What is being asked:
A verbatim copy of all the data is required; the pictures should not appear in it.

Recorded information:
= = = = =

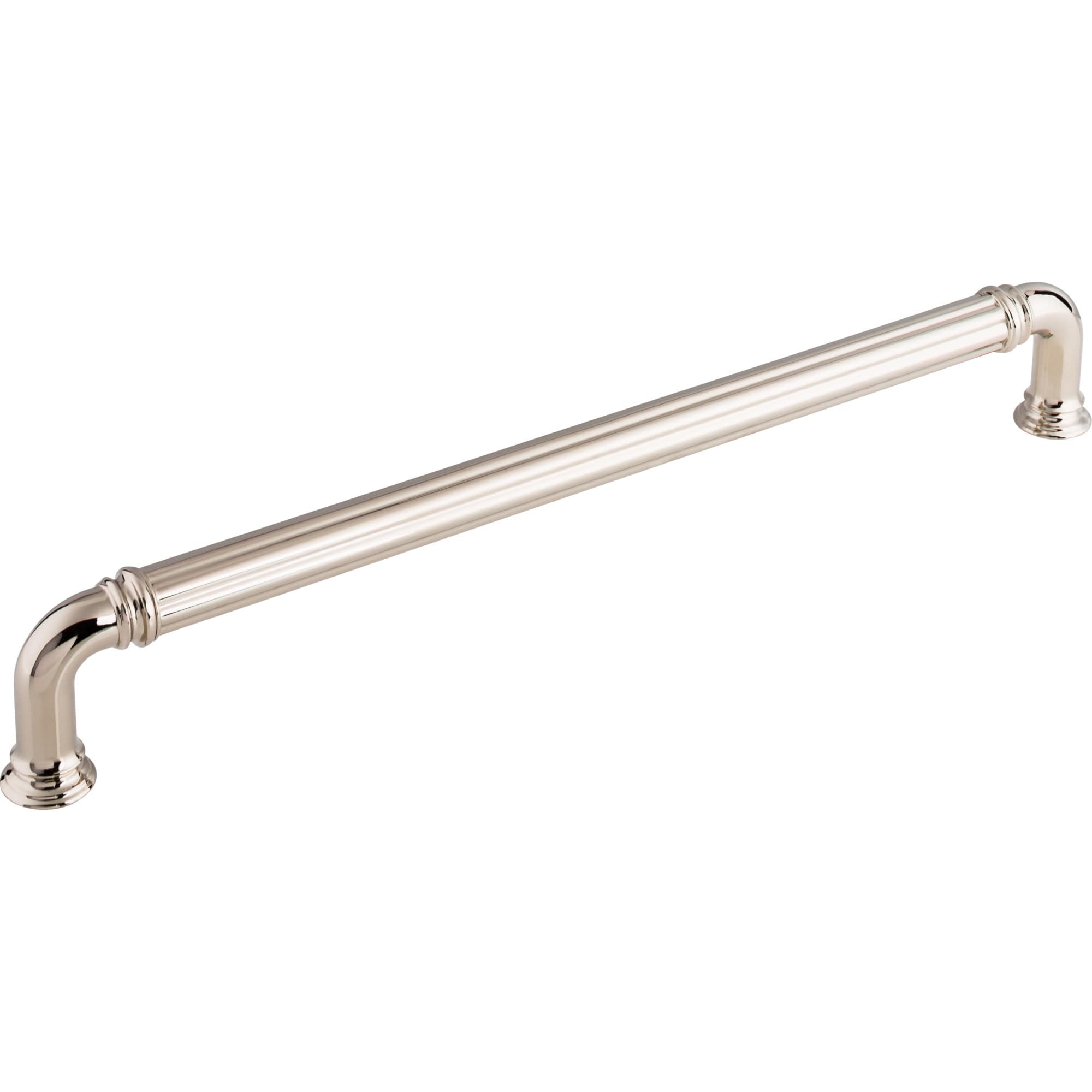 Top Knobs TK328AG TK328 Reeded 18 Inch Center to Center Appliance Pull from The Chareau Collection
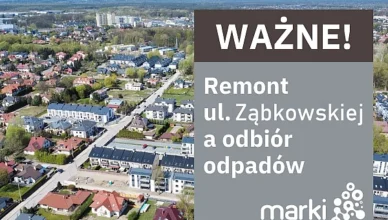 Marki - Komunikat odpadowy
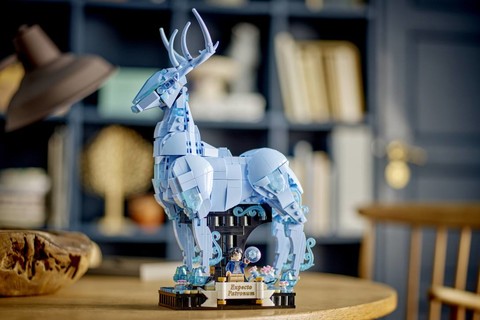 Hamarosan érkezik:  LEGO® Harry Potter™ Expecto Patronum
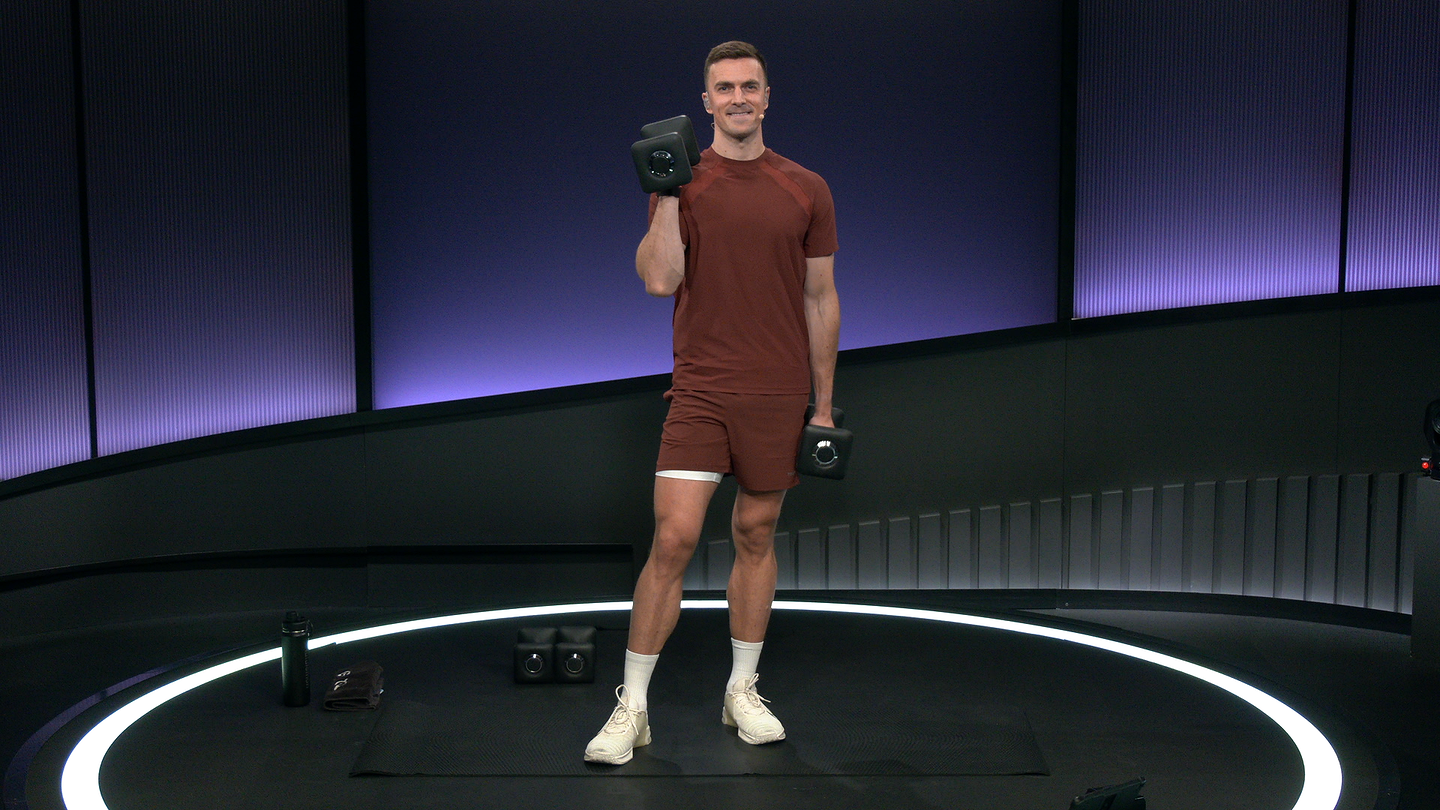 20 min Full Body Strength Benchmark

= = = = =

Exercise response:
 Top Knobs TK328AG TK328 Reeded 18 Inch Center to Center Appliance Pull from The Chareau Collection
 Marki - Komunikat odpadowy
 Hamarosan érkezik:  LEGO® Harry Potter™ Expecto Patronum
 20 min Full Body Strength Benchmark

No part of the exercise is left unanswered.